Stablecoins are an integral part of the crypto industry, as they directly link the users and consumers to the crypto markets. There are several renowned stablecoins that have made a name for themselves in these last few years. However, USDT and BUSD are among the ones that widely used and recognized by the crypto community. There has been a staggering growth in the market of stablecoins, as it is now valued at over $130 billion.
Stablecoins are usually pegged to official state currencies, like the Dollar or the Euros. However, relatively small currencies do not have their own stablecoins. But, as the crypto community keeps on growing, and the new sector is gaining more worldwide recognition, smaller currencies are also finding a way to directly link with the crypto industry.
The Peruvian sol (PEN) – A stablecoin pegged to Peru’s official fiat currency
According to several media reports, Anclap, a Latin American stablecoin issuer has tried to launch a new stablecoin in Peru on its Stellar-based stablecoin network. This new stablecoin will be pegged to the official fiat currency of Peru, and it is designed to support transaction across the Anclap network. It will also support conversions into other fiat currencies in a bid to be more user-friendly and inclusive in nature.
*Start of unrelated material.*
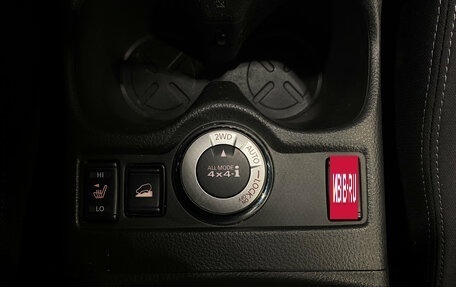 Nissan X-Trail, 2018 год, 2 169 000 рублей, 21 фотография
The stablecoin is nicknamed as the digital sol, and it claims to be fully supported by the local fiat currency of Peru. The stablecoin is currently available for buying on several digital wallets and it can also be exchanged against other foreign currencies including the United States Dollar, the Euro, the Brazilian real, and the Argentine peso.
As the Anclap network announced the new stablecoin, its co-founder, Ivan Mudry, said that ‘The digital sol opens borders of the Peruvian market, allowing local people and companies to send and receive payments, exchange value with anyone else in the world in all types of currencies, in a matter of minutes and at a very low cost.’
Previously, Anclap worked on the stablecoin that was pegged to the Argentine Peso in January 2020, and now it has joined hands with the Peruvian currency. Anclap aims to launch more stablecoins in the coming future. It already has plans for the Colombian peso and the Chilean peso in October and November of 2021, respectively. The Anclap website currently states that the stablecoins for the Brazilian real and the Mexican peso are also under development.